One in four victims of interpersonal violence in Connecticut have been threatened by their abuser with a gun, according to a new Yale University study. Yale researchers interviewed 298 women in the Greater New Haven, Connecticut area who were recent victims in criminal domestic violence cases involving male intimate partners to determine the prevalence of firearm threats.

Of those women surveyed, 24.2 percent said they had been threatened by their partner with a firearm. One-fifth of women indicated that their partner had owned a firearm during the course of their relationship. Of those surveyed whose partners did not own a firearm, half of the women believed their partner could easily acquire a firearm if they desired one.

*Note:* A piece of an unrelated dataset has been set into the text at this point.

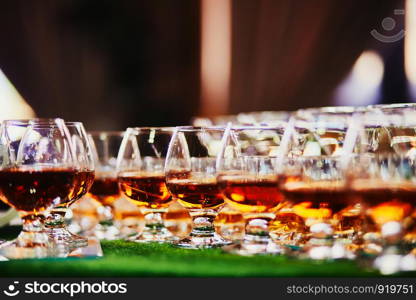 lots of glasses of whiskey. glasses of whiskey or brandy. alcohol. selective focus.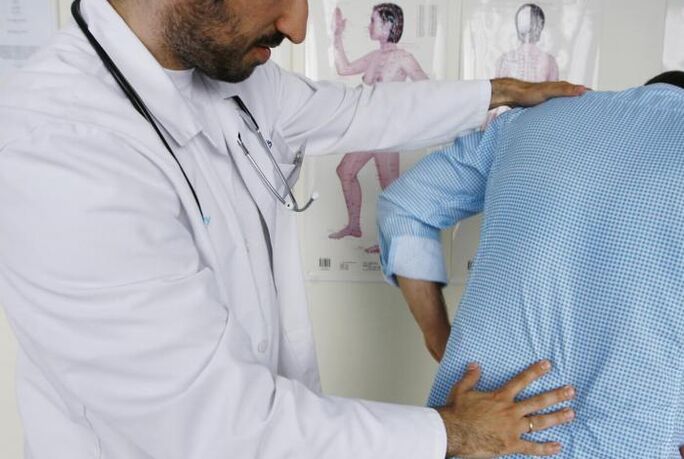 Doctor examining patient with back pain in lumbar region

In October, 2016, a new law went into effect in Connecticut, requiring a person to surrender their firearms if they are the subject of a temporary restraining order. Often it is the victim who provides the court with information about whether the subject of a restraining order possesses firearms. Victims routinely provide information about the number, type and location of firearms in the restrained person’s possession. Despite this, victims in Connecticut do not receive notification regarding a defendant’s compliance with the requirement to surrender or transfer those firearms. Currently, even if a victim seeks information from law enforcement they will be told that this information is confidential.

Senate Bill 980 seeks to provide victims with some small measure of safety, by creating an obligation for the Commissioner of Emergency Services and Public to Protection to notify individuals protected by restraining or protective orders whether the subject of that order complied with firearm surrender. Senate Bill 980 is currently under consideration before the General Assembly in Connecticut.